◆ PROMPT
Write the full listing out again, word for word, but omit the pictures.

◆ INPUT MATERIAL
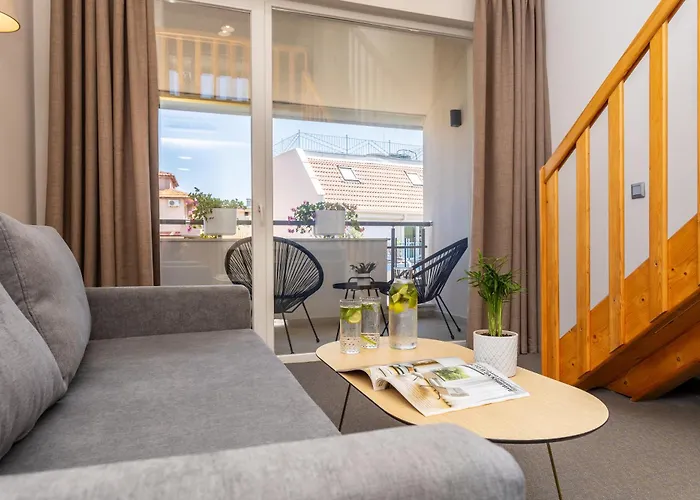 Antea - By The Sea 酒店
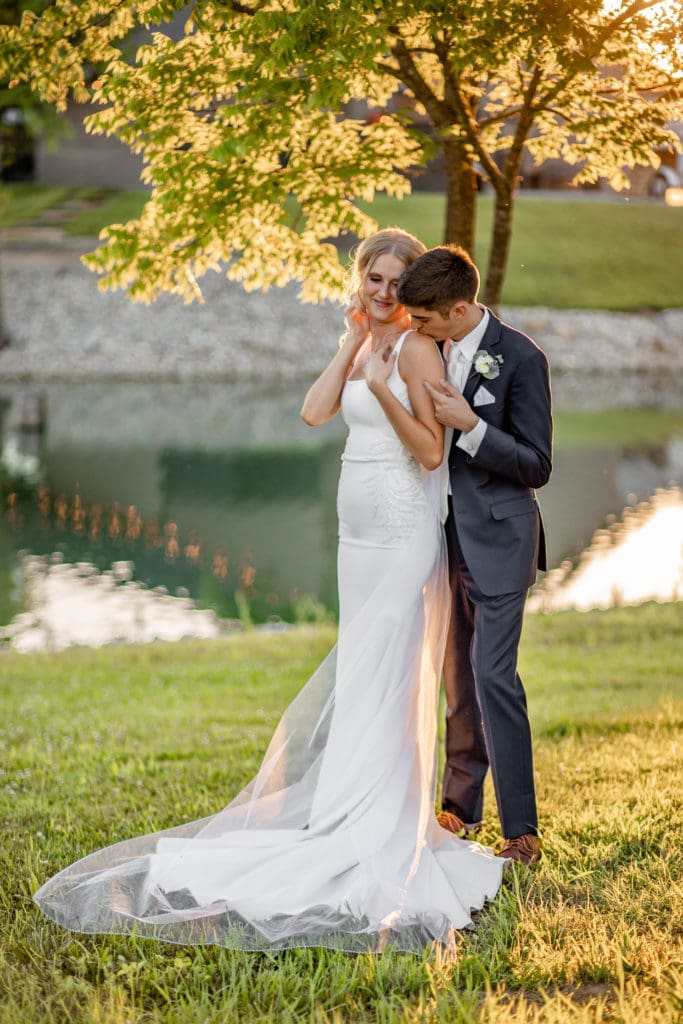 Summer Outdoor Wedding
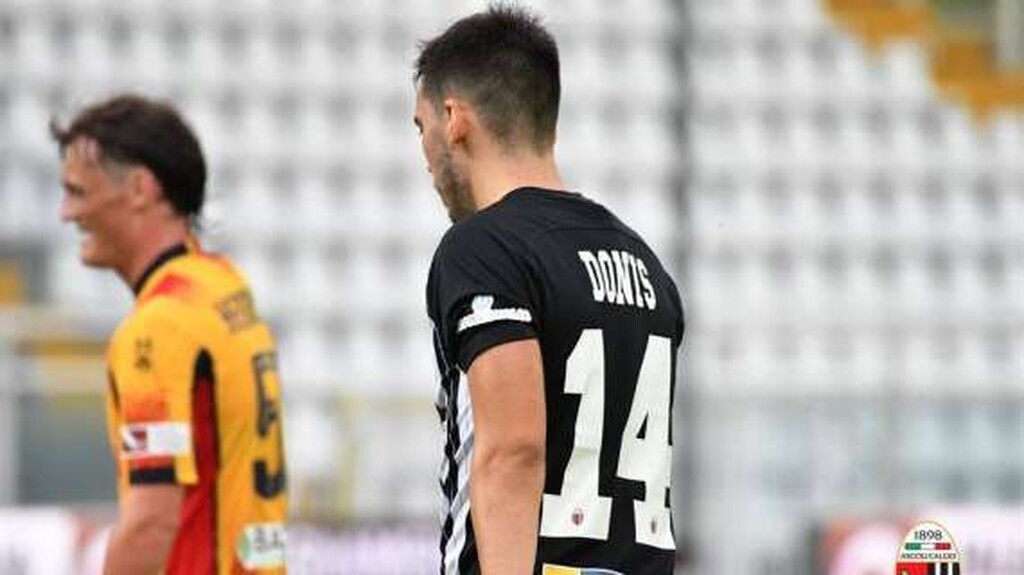 Στην Φένλο ο Δώνης - Συμπαίκτης του Γιακουμάκη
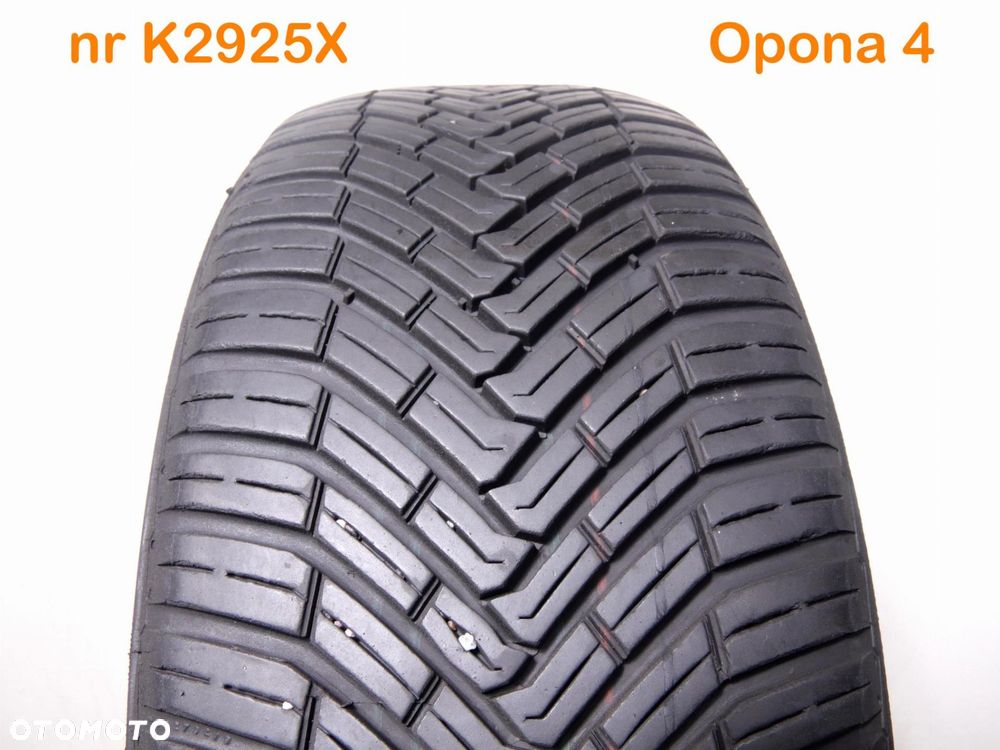Continental AllSeasonContact 195/55 R16 Komplet - 8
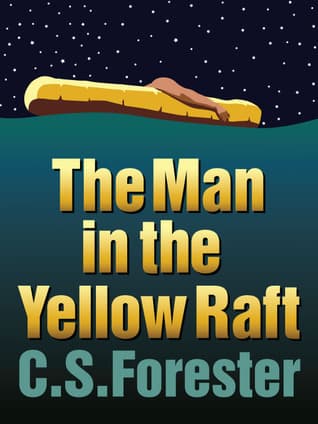Man in the Yellow Raft book cover
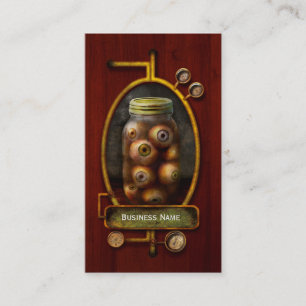 Carte De Visite Imaginaire - déplaisant - j'ai toujours eu des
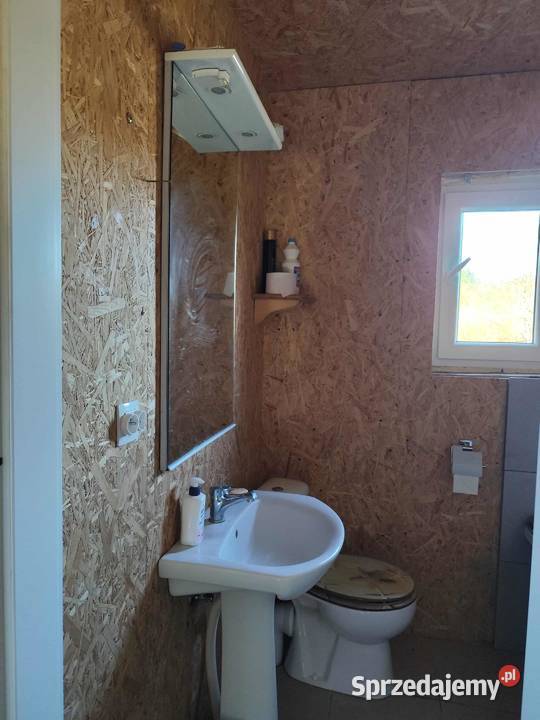 Siedlisko w lesie Domaradz sprzedam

◆ FINISHED EXERCISE
 Antea - By The Sea 酒店
 Summer Outdoor Wedding
 Στην Φένλο ο Δώνης - Συμπαίκτης του Γιακουμάκη
Continental AllSeasonContact 195/55 R16 Komplet - 8
Man in the Yellow Raft book cover
 Carte De Visite Imaginaire - déplaisant - j'ai toujours eu des
 Siedlisko w lesie Domaradz sprzedam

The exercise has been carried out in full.